EXERCISE DESCRIPTION -
Look through the listing below for the line containing "Red Nipple Clips". Copy it and each line after it up to and including the line containing "Yamaha HS4 Powered", exactly, leaving out pictures.

TASK INPUT -
⁂

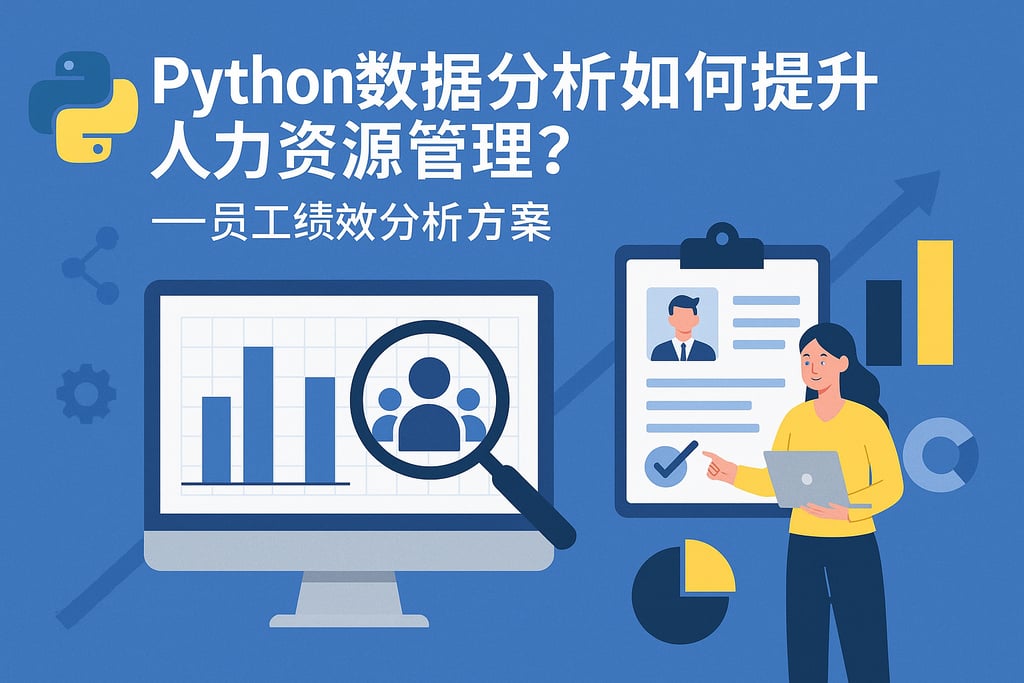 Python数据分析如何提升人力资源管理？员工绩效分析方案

⁂

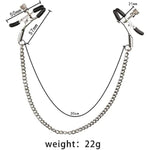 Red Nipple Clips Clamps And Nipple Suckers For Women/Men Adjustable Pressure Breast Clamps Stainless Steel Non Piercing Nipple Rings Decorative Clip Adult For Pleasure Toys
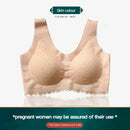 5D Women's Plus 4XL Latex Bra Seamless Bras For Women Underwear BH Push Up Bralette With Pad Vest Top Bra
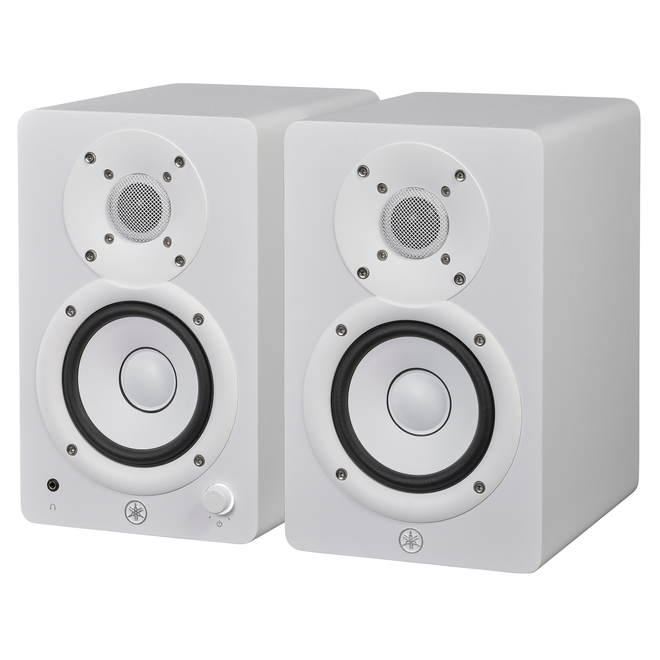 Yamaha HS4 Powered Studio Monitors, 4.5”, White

⁂

RESULT BELOW -
 Red Nipple Clips Clamps And Nipple Suckers For Women/Men Adjustable Pressure Breast Clamps Stainless Steel Non Piercing Nipple Rings Decorative Clip Adult For Pleasure Toys
 5D Women's Plus 4XL Latex Bra Seamless Bras For Women Underwear BH Push Up Bralette With Pad Vest Top Bra
 Yamaha HS4 Powered Studio Monitors, 4.5”, White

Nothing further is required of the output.